Defesa aponta para condições inadequadas de permanência
Na semana passada, a equipe de defesa de Bolsonaro argumentou que, apesar de estar em uma Sala de Estado-Maior, direito este já garantido pelo STF, o ambiente atual não oferece as condições mínimas necessárias para tranquilidade, repouso e preservação da saúde. O principal ponto de reclamação é a proximidade do equipamento de ar-condicionado central, cujo ruído constante estaria prejudicando o bem-estar do ex-presidente.
Pedido por providências técnicas
Os advogados do ex-presidente pediram formalmente que as autoridades responsáveis pela custódia sejam notificadas para que tomem, com urgência, as medidas técnicas necessárias para solucionar o problema. Entre as soluções sugeridas estão a adequação do equipamento, o isolamento acústico, uma alteração no layout do espaço ou outra alternativa equivalente.

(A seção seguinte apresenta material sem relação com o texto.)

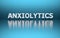 Word Anxiolytics standing for anti anxiety medications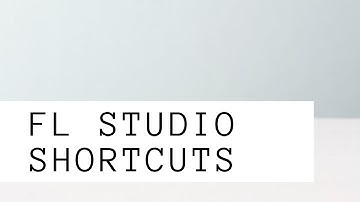 Improve your FL Studio workflow with these shortcuts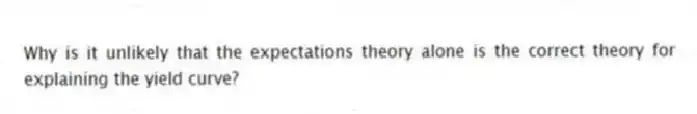 Why is it unlikely that the expectations theory alone is the correct theory for explaining the yield curve?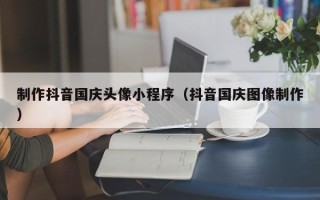 响水制作抖音国庆头像小程序（抖音国庆图像制作）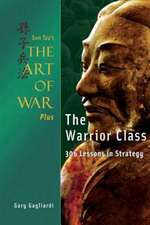 Sun Tzu's the Art of War Plus the Warrior Class: 306 Lessons in Strategy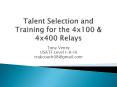 Talent Selection and Training for the 4x100 PowerPoint PPT Presentation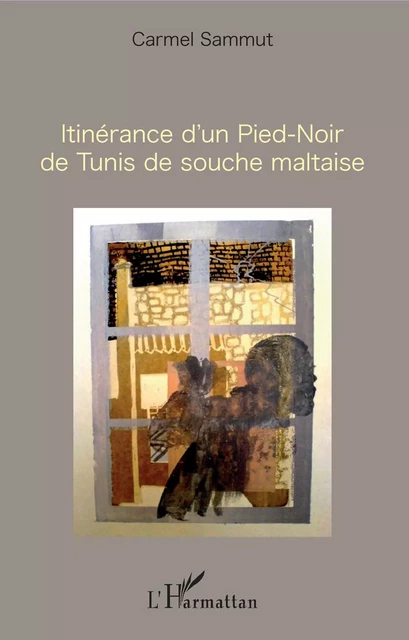 Itinérance d'un Pied-Noir de Tunis de souche maltaise - Carmel Sammut - Editions L'Harmattan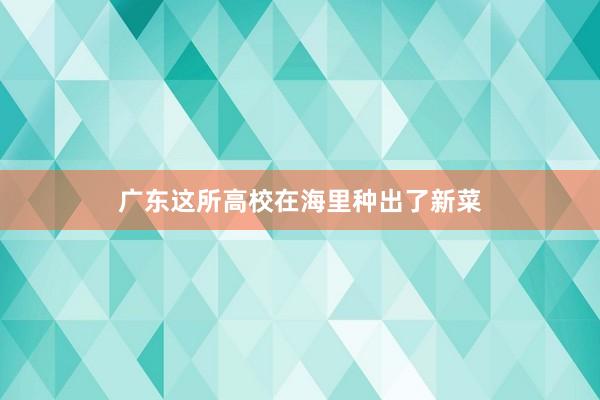 广东这所高校在海里种出了新菜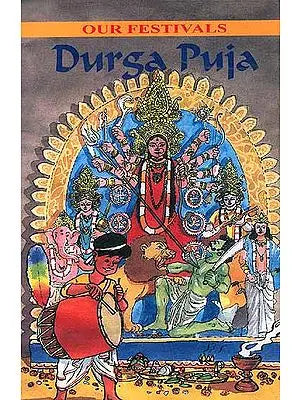 Our Festivals: Durga Puja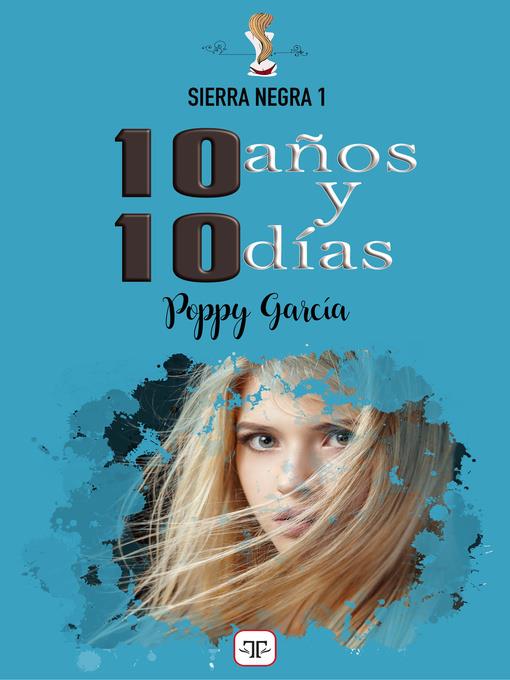 10 años y 10 días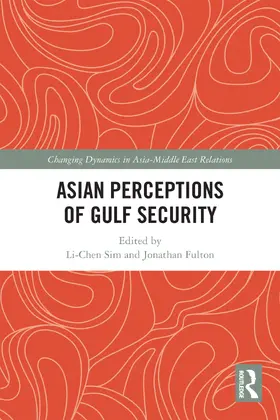 Sim / Fulton |  Asian Perceptions of Gulf Security | Buch |  Sack Fachmedien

O objetivo é garantir que Bolsonaro tenha condições adequadas de repouso e permanência no local.
Prazo para resposta da PF
Em resposta à solicitação da defesa, Alexandre de Moraes estabeleceu um prazo de cinco dias para que a Superintendência da Polícia Federal em Brasília apresente as informações pertinentes à alegação de Jair Bolsonaro. A expectativa é que a corporação detalhe as condições atuais da sala e as possíveis providências que podem ser adotadas para amenizar o incômodo relatado.